◆ **What is expected**
Nothing but the pictures gets dropped; retype every entry exactly.

◆ **Data excerpts**
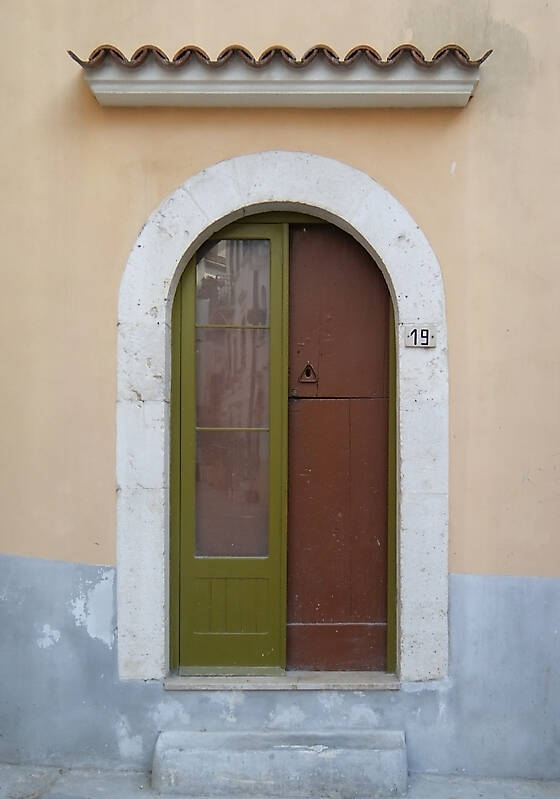 medieval old door3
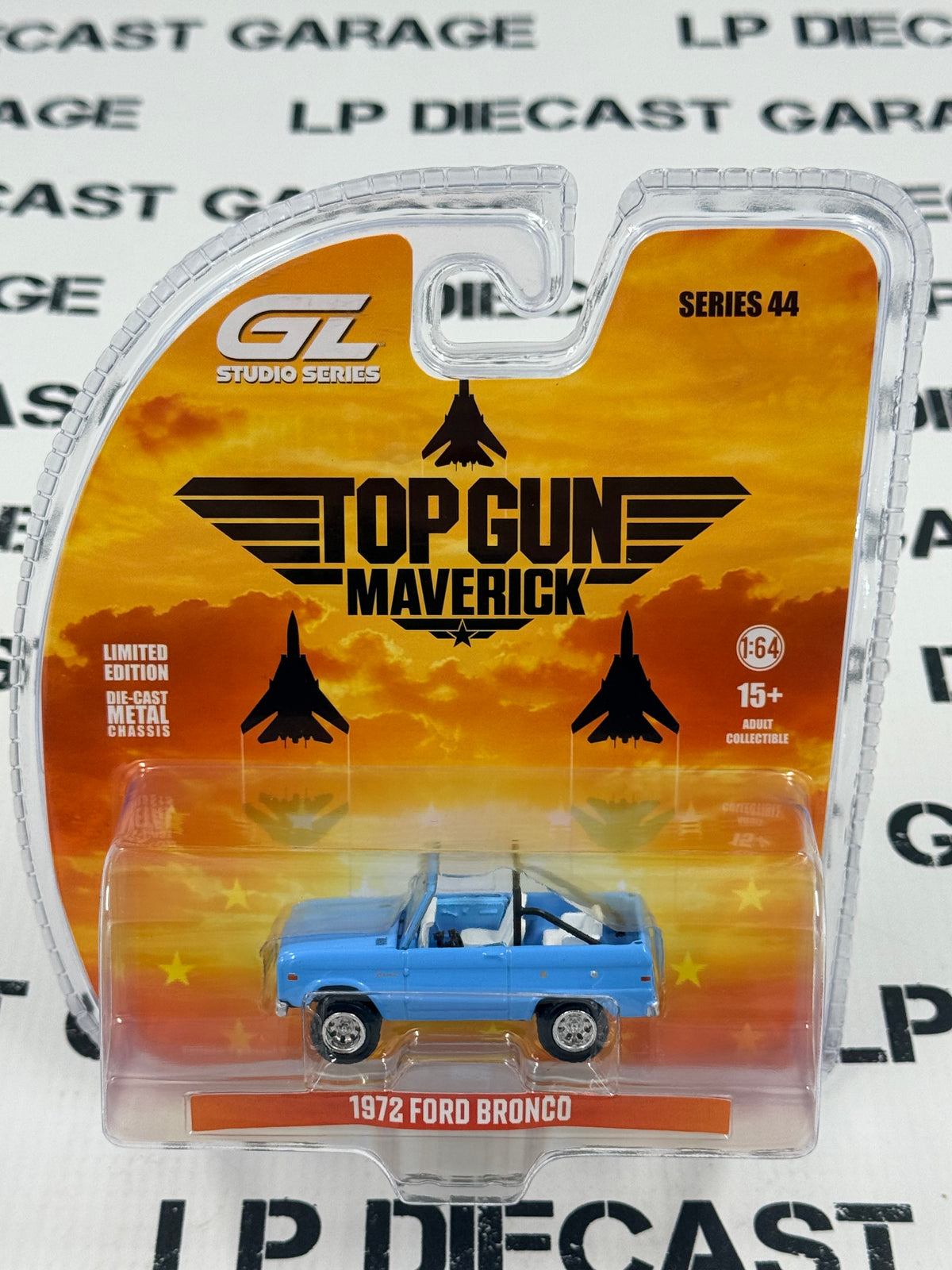 GREENLIGHT 1972 Ford Bronco Top Gun Maverick 1:64 Diecast Studio Series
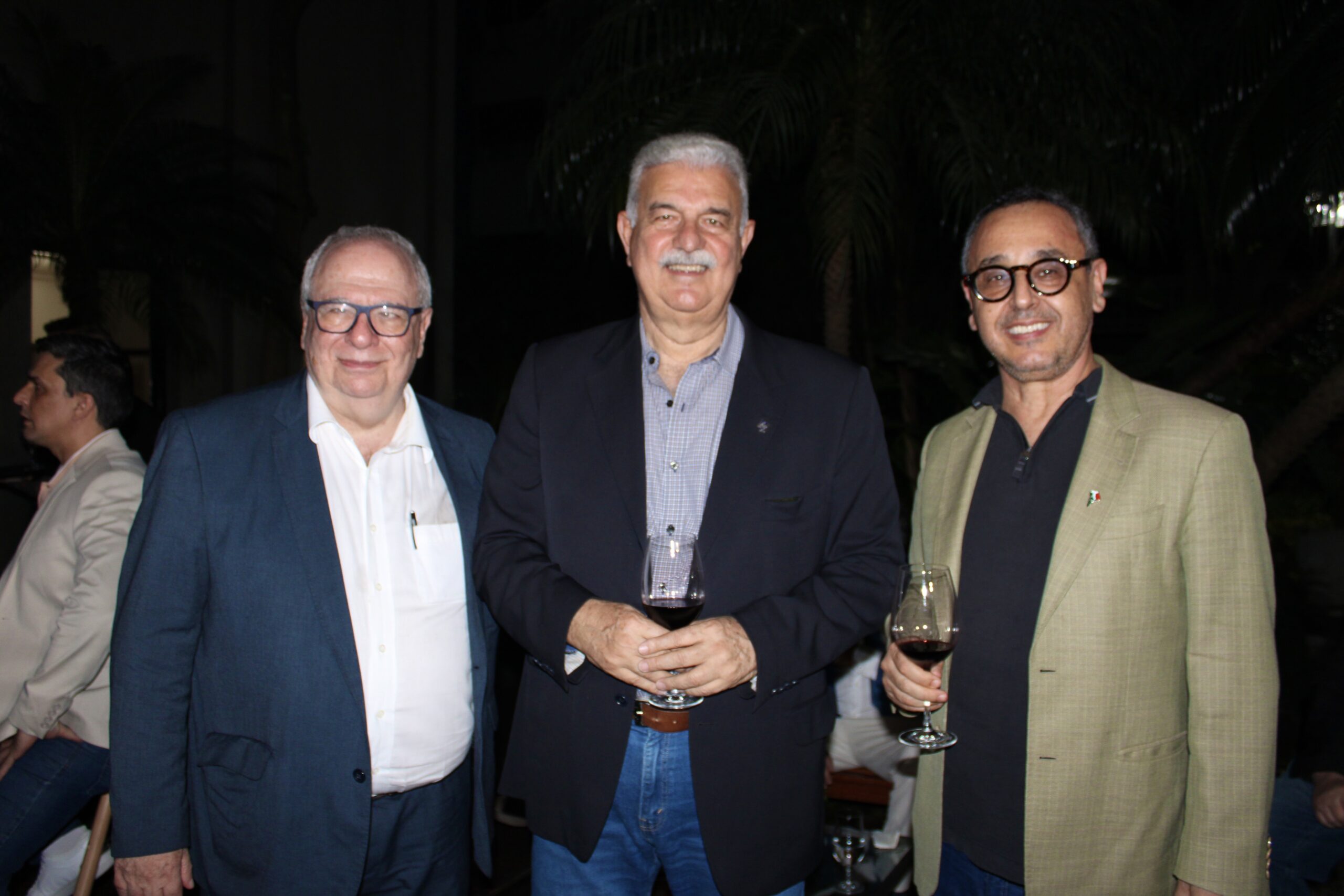 Aristides Cury, da ADVB, Walter Teixeira, da Skal SP, e Beto Marques, da Gorilla Comunicação Aristides Cury, da ADVB, Walter Teixeira, da Skal SP, e Beto Marques, da Gorilla Comunicação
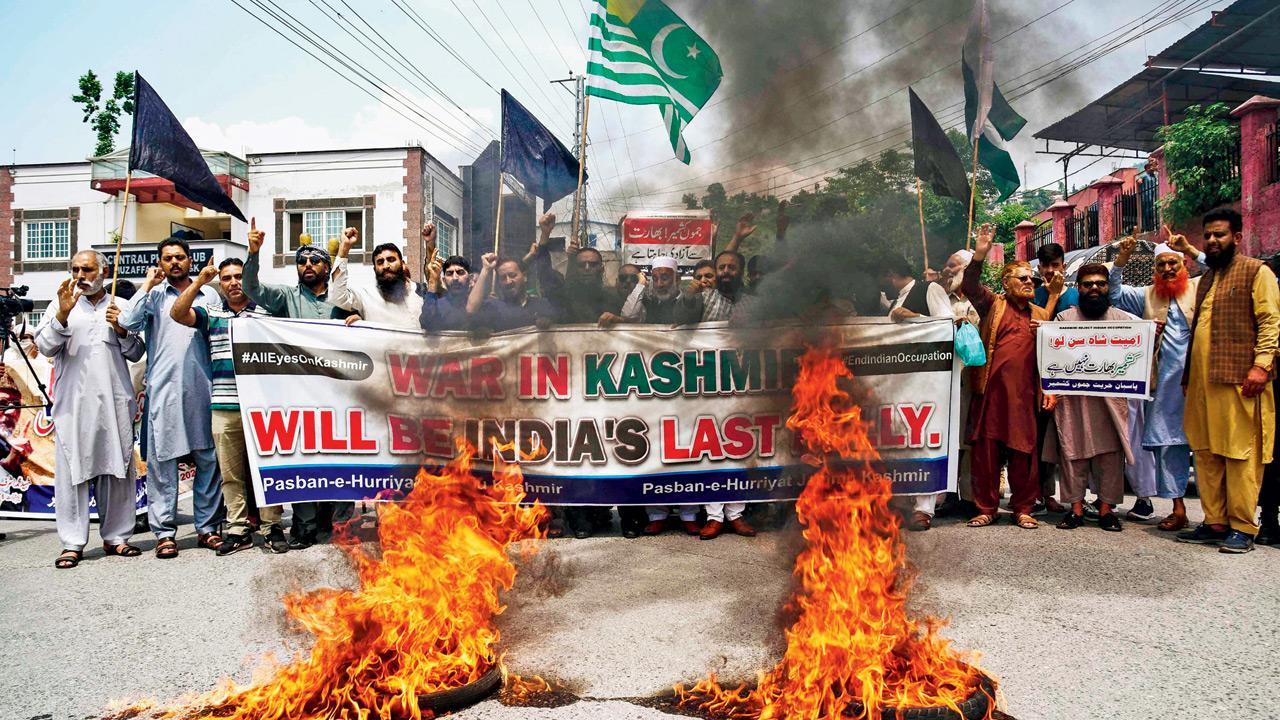 Pakistan says won’t hold back if India attacks or disrupts its water flow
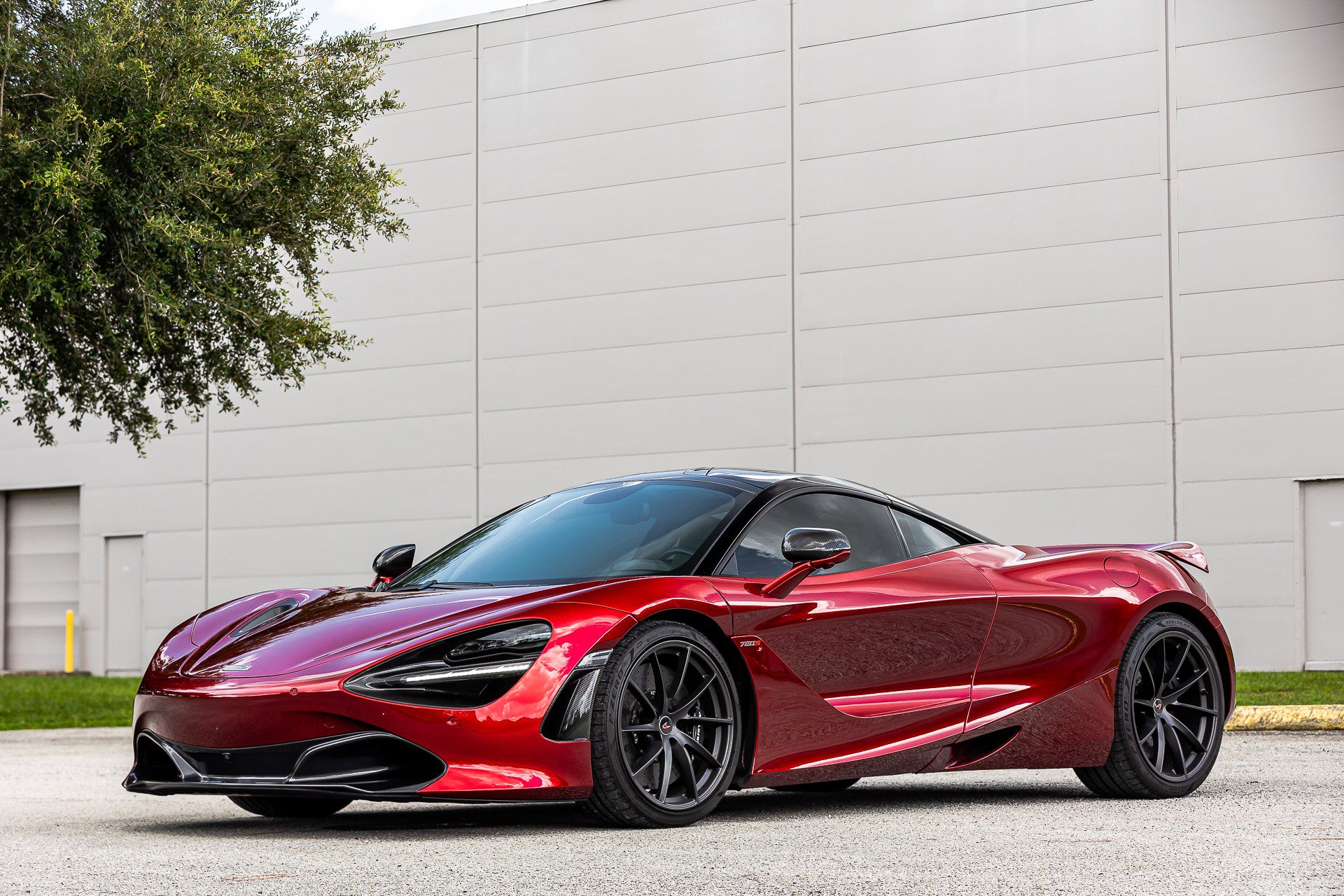 Used 2018 McLaren 720S Luxury RWD image 32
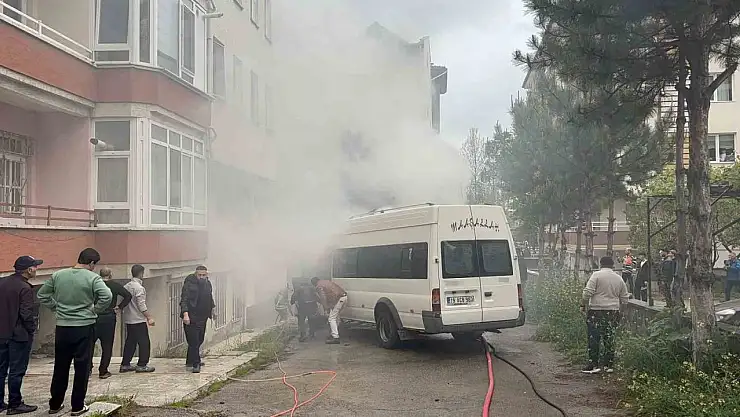 Çorum'da Kamelyada Çıkan Yangın Araçlara Sıçradı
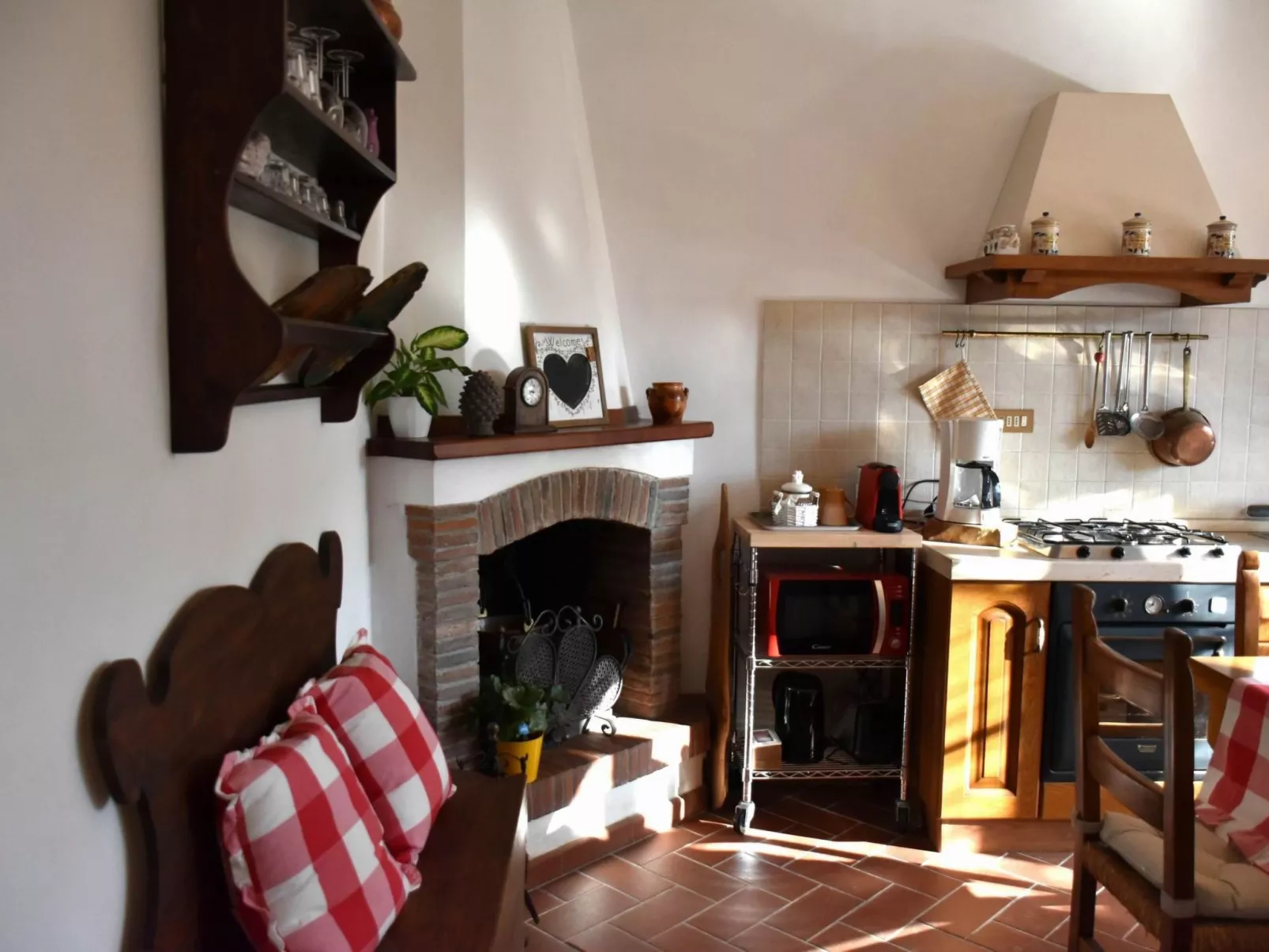 'Aia Sole' mit eigenem Pool-Inside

◆ **Reply**
 medieval old door3
 GREENLIGHT 1972 Ford Bronco Top Gun Maverick 1:64 Diecast Studio Series
 Aristides Cury, da ADVB, Walter Teixeira, da Skal SP, e Beto Marques, da Gorilla Comunicação Aristides Cury, da ADVB, Walter Teixeira, da Skal SP, e Beto Marques, da Gorilla Comunicação
 Pakistan says won’t hold back if India attacks or disrupts its water flow
 Used 2018 McLaren 720S Luxury RWD image 32
 Çorum'da Kamelyada Çıkan Yangın Araçlara Sıçradı
 'Aia Sole' mit eigenem Pool-Inside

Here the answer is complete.